The Davis Diamond is a softball facility and stadium in College Station, Texas. It is home to Texas A&M Aggies softball.

==History==
After 24 years in the Aggie Softball Complex, the Texas A&M University System Board of Regents approved construction of a new home for Aggie Softball in April 2016. This construction took the form of the Davis Diamond complex.

The softball stadium holds 2,000 fans and includes club level seating as well as two luxury suites. The new press box features two radio booths, a TV booth, and a writing press area.

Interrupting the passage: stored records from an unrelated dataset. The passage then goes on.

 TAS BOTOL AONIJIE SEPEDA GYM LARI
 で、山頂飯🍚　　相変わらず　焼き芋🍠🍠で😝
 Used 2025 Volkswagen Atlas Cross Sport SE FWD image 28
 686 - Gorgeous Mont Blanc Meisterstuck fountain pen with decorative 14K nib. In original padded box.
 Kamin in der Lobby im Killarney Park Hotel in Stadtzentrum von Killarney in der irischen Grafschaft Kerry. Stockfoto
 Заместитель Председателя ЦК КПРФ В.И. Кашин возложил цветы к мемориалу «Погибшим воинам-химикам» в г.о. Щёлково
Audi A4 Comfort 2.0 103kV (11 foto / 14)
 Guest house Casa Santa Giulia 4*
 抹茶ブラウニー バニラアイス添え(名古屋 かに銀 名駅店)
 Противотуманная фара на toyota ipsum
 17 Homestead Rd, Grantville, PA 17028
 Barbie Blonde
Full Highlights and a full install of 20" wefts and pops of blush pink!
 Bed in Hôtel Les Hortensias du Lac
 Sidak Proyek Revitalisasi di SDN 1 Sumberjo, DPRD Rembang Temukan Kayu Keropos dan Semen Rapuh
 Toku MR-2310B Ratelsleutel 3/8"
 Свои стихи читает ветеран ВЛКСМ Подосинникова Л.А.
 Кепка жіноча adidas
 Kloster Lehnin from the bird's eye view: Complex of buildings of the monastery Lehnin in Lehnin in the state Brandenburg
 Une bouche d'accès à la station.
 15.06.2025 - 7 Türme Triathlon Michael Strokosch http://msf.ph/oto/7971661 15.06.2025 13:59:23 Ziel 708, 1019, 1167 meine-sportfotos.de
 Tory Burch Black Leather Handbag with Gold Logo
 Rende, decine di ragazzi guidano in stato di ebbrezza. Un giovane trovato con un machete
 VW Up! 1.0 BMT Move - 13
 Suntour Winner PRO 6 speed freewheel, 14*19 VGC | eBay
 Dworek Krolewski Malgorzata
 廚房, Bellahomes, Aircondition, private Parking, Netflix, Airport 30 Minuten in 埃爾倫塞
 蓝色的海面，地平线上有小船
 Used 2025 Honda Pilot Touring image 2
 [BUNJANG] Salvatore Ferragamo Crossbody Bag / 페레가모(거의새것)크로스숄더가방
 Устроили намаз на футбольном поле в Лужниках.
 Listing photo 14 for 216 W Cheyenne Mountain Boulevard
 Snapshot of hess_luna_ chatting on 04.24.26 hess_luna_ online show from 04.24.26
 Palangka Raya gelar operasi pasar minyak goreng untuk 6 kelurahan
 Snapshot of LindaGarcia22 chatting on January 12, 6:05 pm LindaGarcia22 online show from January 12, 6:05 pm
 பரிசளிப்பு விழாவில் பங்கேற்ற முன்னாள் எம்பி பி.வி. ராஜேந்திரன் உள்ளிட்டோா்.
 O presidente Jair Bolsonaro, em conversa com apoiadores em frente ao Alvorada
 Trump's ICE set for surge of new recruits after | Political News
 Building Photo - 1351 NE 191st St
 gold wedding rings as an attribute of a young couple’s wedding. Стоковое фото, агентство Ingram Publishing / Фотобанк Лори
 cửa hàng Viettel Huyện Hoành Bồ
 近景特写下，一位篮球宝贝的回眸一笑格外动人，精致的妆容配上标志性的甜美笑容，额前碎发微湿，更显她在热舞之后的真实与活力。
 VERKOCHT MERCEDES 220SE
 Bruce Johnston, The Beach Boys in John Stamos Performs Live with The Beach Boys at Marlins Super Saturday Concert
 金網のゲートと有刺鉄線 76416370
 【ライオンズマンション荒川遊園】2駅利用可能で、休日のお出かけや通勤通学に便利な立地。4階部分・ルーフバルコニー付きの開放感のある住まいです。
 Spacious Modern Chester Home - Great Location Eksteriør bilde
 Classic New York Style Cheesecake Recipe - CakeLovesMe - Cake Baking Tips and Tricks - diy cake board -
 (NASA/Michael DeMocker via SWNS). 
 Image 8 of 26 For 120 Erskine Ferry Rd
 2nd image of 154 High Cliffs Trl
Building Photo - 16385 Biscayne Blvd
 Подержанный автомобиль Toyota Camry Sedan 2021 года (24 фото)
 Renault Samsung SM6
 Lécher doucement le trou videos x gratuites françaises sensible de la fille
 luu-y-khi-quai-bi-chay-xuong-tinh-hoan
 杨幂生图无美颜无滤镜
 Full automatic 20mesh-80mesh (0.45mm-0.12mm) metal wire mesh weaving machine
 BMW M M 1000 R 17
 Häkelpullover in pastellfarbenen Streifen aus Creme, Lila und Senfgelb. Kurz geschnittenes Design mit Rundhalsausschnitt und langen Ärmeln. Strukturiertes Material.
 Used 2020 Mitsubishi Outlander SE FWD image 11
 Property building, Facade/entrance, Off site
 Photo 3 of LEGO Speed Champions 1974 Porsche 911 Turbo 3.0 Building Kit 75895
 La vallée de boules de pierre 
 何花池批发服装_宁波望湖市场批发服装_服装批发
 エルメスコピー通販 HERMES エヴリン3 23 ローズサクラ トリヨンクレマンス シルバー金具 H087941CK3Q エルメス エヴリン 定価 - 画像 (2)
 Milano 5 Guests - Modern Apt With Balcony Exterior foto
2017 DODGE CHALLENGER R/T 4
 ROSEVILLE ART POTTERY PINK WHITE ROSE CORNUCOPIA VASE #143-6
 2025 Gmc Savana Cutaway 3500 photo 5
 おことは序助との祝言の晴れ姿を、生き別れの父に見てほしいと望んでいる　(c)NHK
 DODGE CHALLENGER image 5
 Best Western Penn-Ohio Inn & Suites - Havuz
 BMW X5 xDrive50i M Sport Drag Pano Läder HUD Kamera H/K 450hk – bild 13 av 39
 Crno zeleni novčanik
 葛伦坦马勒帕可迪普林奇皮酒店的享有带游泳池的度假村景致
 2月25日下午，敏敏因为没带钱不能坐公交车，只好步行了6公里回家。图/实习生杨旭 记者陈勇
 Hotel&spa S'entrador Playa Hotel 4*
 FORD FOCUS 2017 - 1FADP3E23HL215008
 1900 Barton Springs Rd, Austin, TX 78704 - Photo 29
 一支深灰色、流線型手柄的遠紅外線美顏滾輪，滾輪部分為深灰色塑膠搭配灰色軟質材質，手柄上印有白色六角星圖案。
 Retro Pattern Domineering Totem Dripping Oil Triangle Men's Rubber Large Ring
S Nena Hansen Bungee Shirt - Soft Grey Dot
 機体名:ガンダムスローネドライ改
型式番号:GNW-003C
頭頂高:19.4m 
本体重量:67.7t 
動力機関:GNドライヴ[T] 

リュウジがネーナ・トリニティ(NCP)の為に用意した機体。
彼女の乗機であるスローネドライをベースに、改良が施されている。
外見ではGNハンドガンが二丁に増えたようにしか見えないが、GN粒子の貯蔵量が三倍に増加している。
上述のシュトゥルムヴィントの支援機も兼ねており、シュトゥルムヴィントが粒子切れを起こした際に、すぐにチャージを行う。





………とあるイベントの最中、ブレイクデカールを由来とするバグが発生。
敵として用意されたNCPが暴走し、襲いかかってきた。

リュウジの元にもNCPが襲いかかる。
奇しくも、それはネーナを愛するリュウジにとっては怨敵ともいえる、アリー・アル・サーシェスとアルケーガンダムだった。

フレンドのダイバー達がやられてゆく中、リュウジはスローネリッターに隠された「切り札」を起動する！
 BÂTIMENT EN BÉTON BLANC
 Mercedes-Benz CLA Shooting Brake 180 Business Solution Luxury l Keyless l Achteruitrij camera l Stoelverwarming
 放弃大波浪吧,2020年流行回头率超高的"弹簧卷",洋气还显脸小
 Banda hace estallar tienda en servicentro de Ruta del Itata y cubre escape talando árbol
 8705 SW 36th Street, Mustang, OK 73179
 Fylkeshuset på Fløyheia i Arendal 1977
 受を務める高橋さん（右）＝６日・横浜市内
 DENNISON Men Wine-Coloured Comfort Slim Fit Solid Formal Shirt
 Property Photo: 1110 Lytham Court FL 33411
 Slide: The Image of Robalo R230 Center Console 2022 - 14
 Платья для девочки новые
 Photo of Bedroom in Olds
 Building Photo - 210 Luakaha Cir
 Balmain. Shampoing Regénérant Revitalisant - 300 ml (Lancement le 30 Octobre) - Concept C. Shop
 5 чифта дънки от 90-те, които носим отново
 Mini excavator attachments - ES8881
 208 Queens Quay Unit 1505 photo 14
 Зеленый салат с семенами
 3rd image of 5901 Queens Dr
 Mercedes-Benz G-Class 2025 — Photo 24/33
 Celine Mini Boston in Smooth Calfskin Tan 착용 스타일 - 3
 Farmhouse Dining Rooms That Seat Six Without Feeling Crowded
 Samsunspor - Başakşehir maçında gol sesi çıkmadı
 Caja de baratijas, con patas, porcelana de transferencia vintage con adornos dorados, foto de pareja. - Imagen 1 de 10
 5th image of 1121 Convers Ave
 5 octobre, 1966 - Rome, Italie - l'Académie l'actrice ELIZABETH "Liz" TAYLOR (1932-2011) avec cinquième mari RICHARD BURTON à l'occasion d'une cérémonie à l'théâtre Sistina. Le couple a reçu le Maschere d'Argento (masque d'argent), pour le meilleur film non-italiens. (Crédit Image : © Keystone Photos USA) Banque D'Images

The stadium bears the name of Becky and Monty Davis. Longtime A&M supporters, the Davises signed a multimillion-dollar gift agreement, one of the largest philanthropic gifts ever made to Texas A&M Athletics, to help fund the $28.6 million softball facility.

==Opening Game==
Davis Diamond opened on Friday, April 27, 2018, for a series against the Auburn Tigers. While the stadium was not fully complete, the stadium was used to host this last home series of the 2018 season. Becky Davis was in attendance to throw out the first pitch to open the stadium. The first hit in the Davis Diamond was recorded by Kelbi Fortenberry and the first run scored was awarded to Blake-Ann Fritsch. The Aggies won the opening game at the Davis Diamond 3–1.